Drive-By Truckers

A Blessing and a Curse

(New West)

US release date: 18 April 2006

UK release date: 20 March 2006

by Zeth Lundy

PopMatters Music Columns/Features Editor

"Feb. 14”, the lead-off track on Drive-By Truckers’ sixth studio album, A Blessing and a Curse, is unlike any other song in the band’s catalog.  It says what it wants to say early on—despite broken bottles on the floor and time not necessarily healing all wounds like the sages say it should, the narrator nonetheless begs “be my valentine”—and spends the rest of its running time reinforcing the sentiment.  There’s no vivid scene being set, no extensive sequence of verses detailing characters and environments and Southern lore.  It’s a simple rock song, pounded out in fist-tight quarter notes with a certain determined sobriety.

“Be my vallllennntiiiiine,” lead Trucker Patterson Hood sings, his voice haggard and sincere, squeezing every last drop out of his three thrifty words as if the sought-after answer required nothing but stamina.  In this moment of economy and nearly meaningless persistence, Hood recalls the Replacements’ Paul Westerberg and his infamous two-decade-old “I’m so unsatisfied” howl.  Like Westerberg, Hood’s three and a half minutes are all about leaving unquestionable impressions.  He gets the job done.

If the Truckers succeed on this kind of visceral level, as they have made a habit of doing for a few albums now, they do so through gritted teeth.  It’s a product of compromise: “Feb. 14”, and the entirety of A Blessing and a Curse, is an attempt to reconcile what was hoped to be with what is—in other words, preconceptions taken for granted are blighted by reality.  This time around, there’s a concerted effort to get the heart of the matter with efficiency and clarity: unlike longwinded previous albums The Dirty South and the two-disc Southern Rock Opera, A Blessing and a Curse clocks in at a remarkably clean 45 minutes.  For the Truckers (fueled, as always, by the three guitars and three pens of Hood, Mike Cooley, and Jason Isbell), it’s an abnormally concise record that also happens to be their least sloppy.

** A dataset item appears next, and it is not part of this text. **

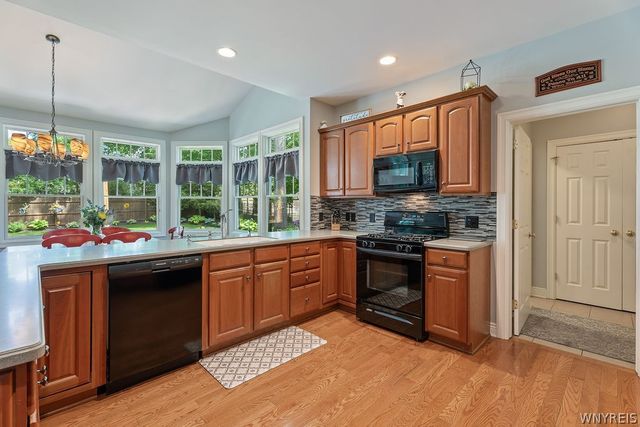 93 Brandywine Drive, Amherst, NY 14221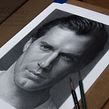 Henry Cavill - Grafito sobre papel . Un proyecto de Ilustración tradicional, Bellas Artes y Dibujo de Néstor Canavarro - 18.01.2022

Furthermore, A Blessing and a Curse continues to distance itself from the Truckers’ “Lynyrd Skynyrd with a higher IQ” roots, drawing from both the aforementioned Replacements ("Wednesday", with its to-the-hilt rhythm section, mines a more Pleased to Meet Me vibe) and the Rolling Stones for its rock ‘n’ roll sound.  For the most polished record of their career, the Truckers couldn’t have picked more raggedy role models.  “Aftermath USA”, for example, is characterized by dueling guitars that drunkenly nip at each other’s throats, one occasionally giving slack and sliding out of key.  It’s a combination of the Glimmer Twins’ booze riffs and the bedhead disorientation of the ‘Mats, delivered with its clutter in check.  Hood’s narrative of a confusing morning after ("there was cigarettes in the ashtrays and they weren’t your menthol lights") soon bloats into the confrontation of a decimated reality; the “smell of musk and deception” begets financial ruin, decadence, and infidelity.  Struck by betrayal, Hood’s narrator resolves to “break even soon”—funny, since you’d think he’d want to get even.  But this disillusionment is bigger than the reason-for-revenge scenario that serves as its metaphor—as big, perhaps, as the country to which its title alludes.  It requires a solution, one that may not even exist, to balance out the good with the bad.  Then again, the narrator’s got crystal meth in the bathtub and blood in the sink, so maybe he just doesn’t know any better.

Cooley’s fantastic “Gravity’s Gone” is more Sticky Fingers-era slouch, a perfect mix of acoustic guitar strums with sharp-toothed electrics.  Cooley, too, is writing from a perspective of a long-held perception ("I’ll meet you at the bottom if there really is one / They always told me when you hit it you’ll know it") that, due to certain life experiences, needs retooling ("I’ve been falling so long it’s like gravity’s gone and I’m just floatin’").  Hood’s delayed response in the penultimate title track’s cyclonic minor chords: “When it all comes down there’ll be nothin’ left to catch you but ground.” One man’s odyssey is another man’s reality.

Isbell’s two forceful contributions, the Blue Öyster Cult-esque “Easy on Yourself” and “Daylight”, are the album’s slickest; his mastery of the ambiguously universal power anthem delivers songs that could have been huge hits in the ‘80s mainstream or ‘90s underground.  The Truckers are focused here, more than they ever have been on record in the past—that doesn’t mean they’re not still prone to jam overkill (the six-minute “Goodbye” seems to betray the album’s unspoken rule of less-is-more) or thematic bludgeoning.  “I was 27 when I figured out that blowin’ my brains out wasn’t the answer / So I decided that maybe I should find a way to make this world work out for me,” Hood narrates on “World of Hurt”, which is a redundant way of saying what his band has said for 40 minutes prior.  But then, the album’s runtime, like life, is short.  Best to leave an unquestionable impression.